* Provided records *
════════
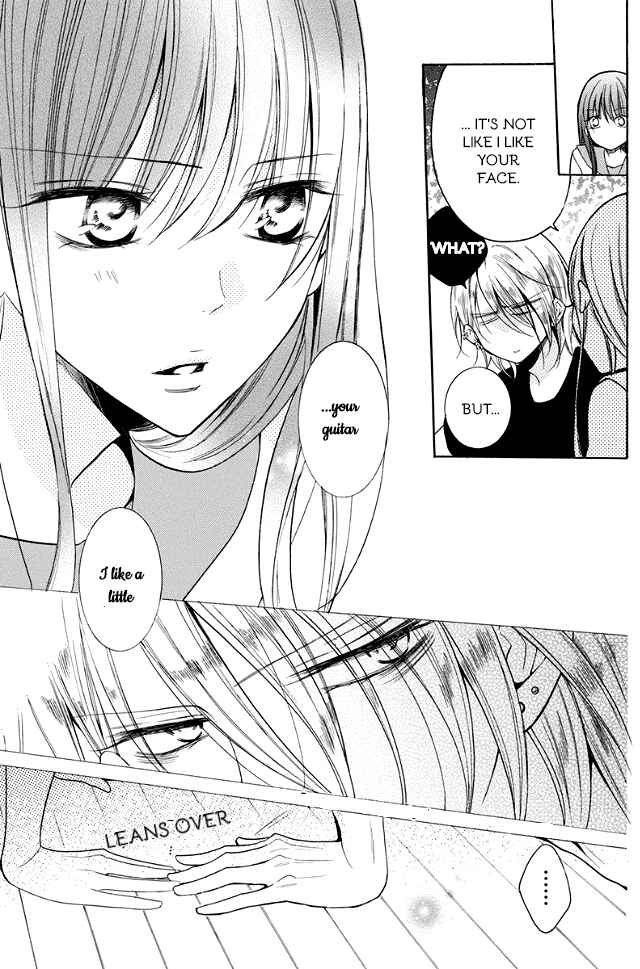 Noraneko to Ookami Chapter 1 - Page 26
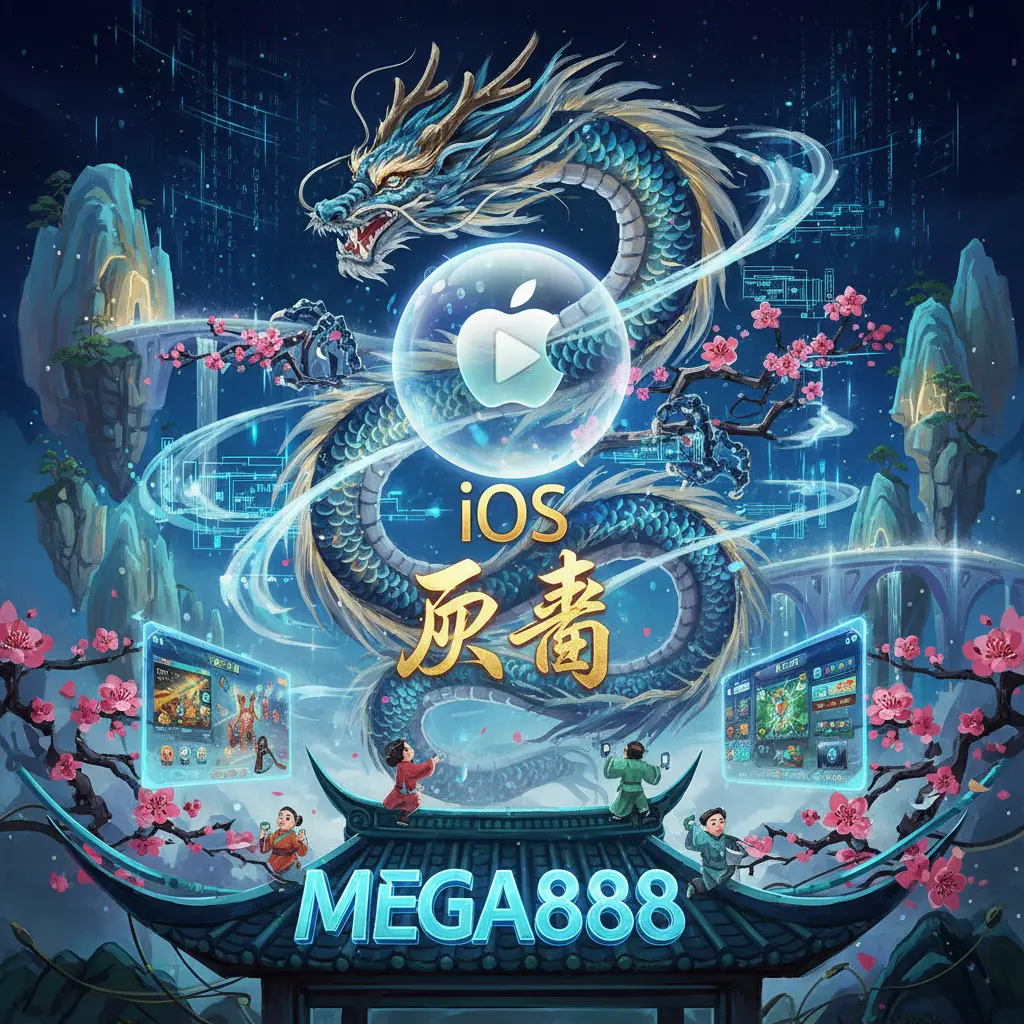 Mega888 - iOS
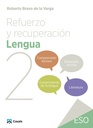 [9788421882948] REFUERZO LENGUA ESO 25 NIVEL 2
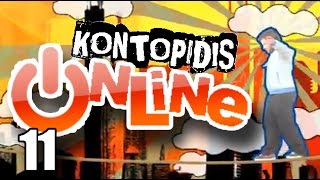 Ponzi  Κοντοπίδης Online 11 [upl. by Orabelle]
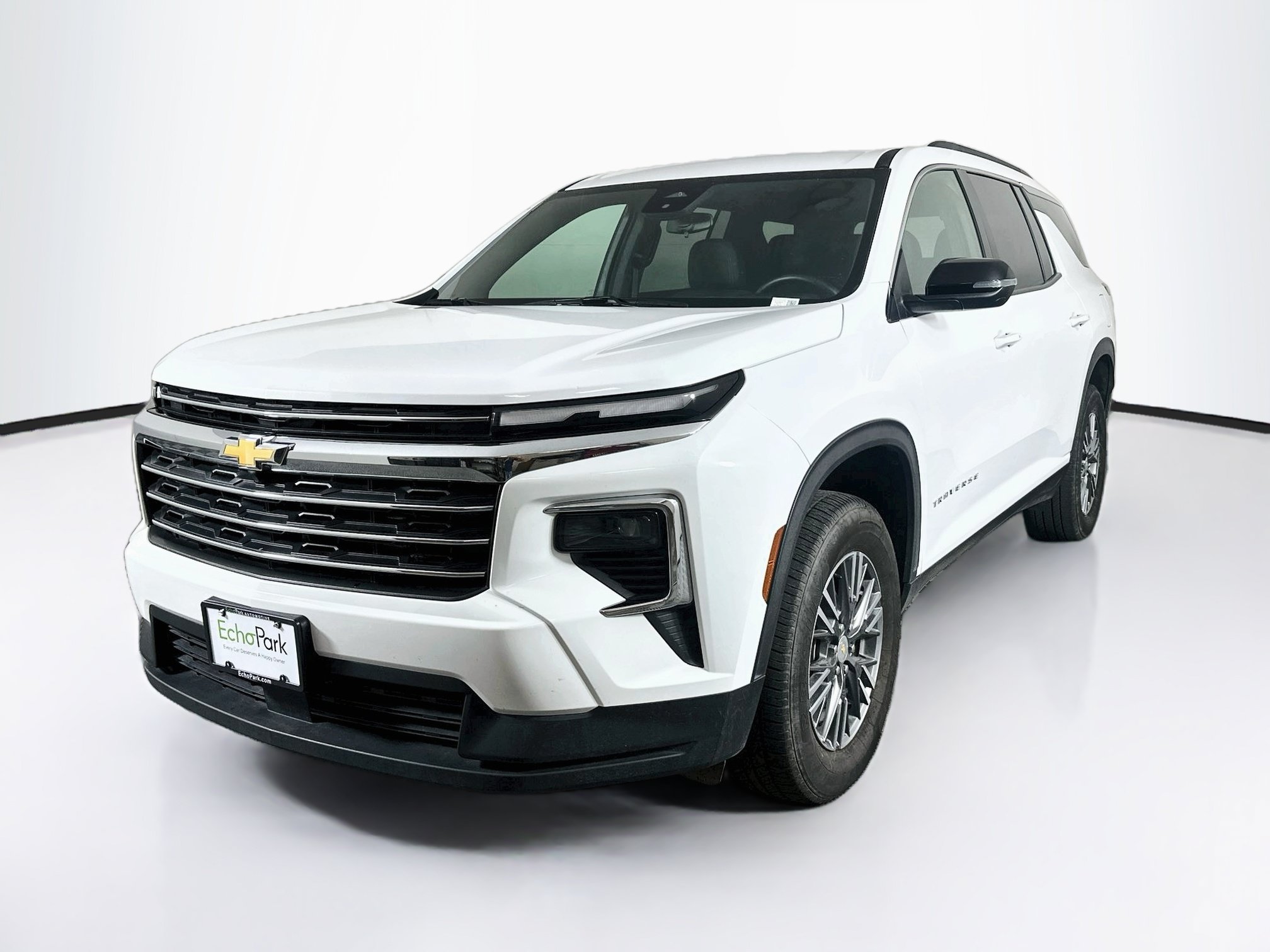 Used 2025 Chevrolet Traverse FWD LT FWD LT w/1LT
════════
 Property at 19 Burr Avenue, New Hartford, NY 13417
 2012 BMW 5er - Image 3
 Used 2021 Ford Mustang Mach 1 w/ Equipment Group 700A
════════
All that should appear in the answer is the lines above from the line with "Noraneko to Ookami Chapter 1 - Page 26" through the line with "Used 2025 Chevrolet", retyped exactly, pictures left out.

* Response to this exercise *
 Noraneko to Ookami Chapter 1 - Page 26
 Mega888 - iOS
 [9788421882948] REFUERZO LENGUA ESO 25 NIVEL 2
 Ponzi  Κοντοπίδης Online 11 [upl. by Orabelle]
 Used 2025 Chevrolet Traverse FWD LT FWD LT w/1LT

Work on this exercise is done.